Other Modifications¶
Any additional modifications can be made to the resulting JSON-LD string before it is used. Simply parse the string into a Python dictionary, make the necessary changes, and then convert it back to a JSON-LD string.
Wrapping it All Up¶
The soso package is designed to be both flexible and extensible. By following the examples provided, you can customize the conversion process to meet your specific needs.

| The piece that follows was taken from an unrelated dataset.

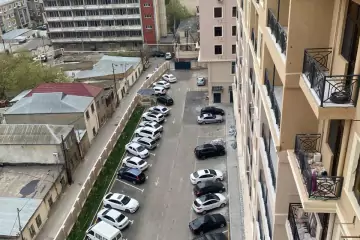 Satılır Yeni Tikili Nəsimi Bazarında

Below is an example of a wrapper function that incorporates all the customization options.
from soso.main import convert
from soso.strategies.eml import EML
from soso.strategies.eml import get_encoding_format
from soso.utilities import delete_null_values
from soso.utilities import generate_citation_from_doi
def dataset(metadata_file: str, dataset_id: str, doi: str) -> str:
"""Wrapper function for the convert function that adds additional
properties
:param metadata_file: The path to the metadata file.
:param dataset_id: The dataset identifier, assigned by the repository.

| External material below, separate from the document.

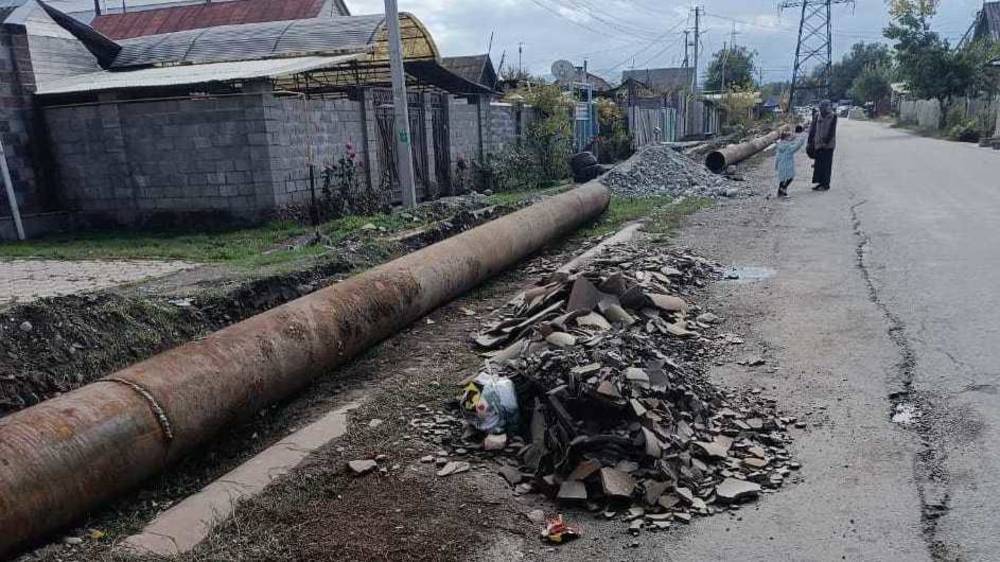 На улице Восточной снова валяются трубы и мусор. Видео горожанина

:param doi: The dataset's Digital Object Identifier."""
# Add properties that can't be derived from the EML record
url = "https://www.sample-data-repository.org/dataset/" + dataset_id
version = dataset_id.split(".")[1]
is_accessible_for_free = True
citation = generate_citation_from_doi(doi, style="apa", locale="en-US")
provider = {"@id": "https://www.sample-data-repository.org"}
publisher = {"@id": "https://www.sample-data-repository.org"}
# Call convert to process data with additional properties
additional_properties = {
"url": url,
"version": version,
"isAccessibleForFree": is_accessible_for_free,
"citation": citation,
"provider": provider,
"publisher": publisher
}
r = convert(
file=metadata_file,
strategy="EML",
**additional_properties
)
return r
Notes¶
Adding Vocabularies
The convert function only recognizes vocabularies that are specified within its implementation. You can view the source code for more details on these vocabularies. If you add additional vocabularies after conversion, ensure the @context remains valid JSON-LD.
Leverage Partial Property Method Implementations
Before creating functions for unmappable properties, check for partial implementations that you can build upon and that can save you time. For instance, the get_subject_of method in the EML strategy can provide most of what is needed to create subjectOf for an EML dataset.